### MATERIALS PROVIDED ###
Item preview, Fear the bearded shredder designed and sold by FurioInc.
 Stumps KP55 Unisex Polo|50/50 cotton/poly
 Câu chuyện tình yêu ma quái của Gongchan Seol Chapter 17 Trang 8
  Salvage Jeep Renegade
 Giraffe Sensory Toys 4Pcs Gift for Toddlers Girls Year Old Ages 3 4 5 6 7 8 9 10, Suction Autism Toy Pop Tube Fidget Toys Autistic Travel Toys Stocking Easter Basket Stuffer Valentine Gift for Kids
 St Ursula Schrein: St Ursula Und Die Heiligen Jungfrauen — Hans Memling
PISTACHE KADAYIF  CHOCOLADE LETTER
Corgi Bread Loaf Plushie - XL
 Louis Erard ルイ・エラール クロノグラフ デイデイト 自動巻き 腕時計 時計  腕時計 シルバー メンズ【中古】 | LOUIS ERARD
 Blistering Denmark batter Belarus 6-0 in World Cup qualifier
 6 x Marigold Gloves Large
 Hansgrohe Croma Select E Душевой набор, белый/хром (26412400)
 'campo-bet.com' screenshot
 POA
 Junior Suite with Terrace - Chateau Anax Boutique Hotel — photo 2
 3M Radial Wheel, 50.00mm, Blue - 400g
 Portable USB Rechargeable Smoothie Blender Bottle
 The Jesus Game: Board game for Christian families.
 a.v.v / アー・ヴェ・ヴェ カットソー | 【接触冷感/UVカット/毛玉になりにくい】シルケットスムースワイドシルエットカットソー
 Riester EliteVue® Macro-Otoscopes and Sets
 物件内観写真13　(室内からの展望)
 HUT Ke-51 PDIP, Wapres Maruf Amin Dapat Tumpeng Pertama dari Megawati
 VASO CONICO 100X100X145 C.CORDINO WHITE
###
ASSIGNED TASK - From the material above, set down exactly the lines starting at the one with "Giraffe Sensory Toys" and ending at the one with "Portable USB Rechargeable", end lines included.

ANSWER TO THIS TASK -
 Giraffe Sensory Toys 4Pcs Gift for Toddlers Girls Year Old Ages 3 4 5 6 7 8 9 10, Suction Autism Toy Pop Tube Fidget Toys Autistic Travel Toys Stocking Easter Basket Stuffer Valentine Gift for Kids
 St Ursula Schrein: St Ursula Und Die Heiligen Jungfrauen — Hans Memling
PISTACHE KADAYIF  CHOCOLADE LETTER
Corgi Bread Loaf Plushie - XL
 Louis Erard ルイ・エラール クロノグラフ デイデイト 自動巻き 腕時計 時計  腕時計 シルバー メンズ【中古】 | LOUIS ERARD
 Blistering Denmark batter Belarus 6-0 in World Cup qualifier
 6 x Marigold Gloves Large
 Hansgrohe Croma Select E Душевой набор, белый/хром (26412400)
 'campo-bet.com' screenshot
 POA
 Junior Suite with Terrace - Chateau Anax Boutique Hotel — photo 2
 3M Radial Wheel, 50.00mm, Blue - 400g
 Portable USB Rechargeable Smoothie Blender Bottle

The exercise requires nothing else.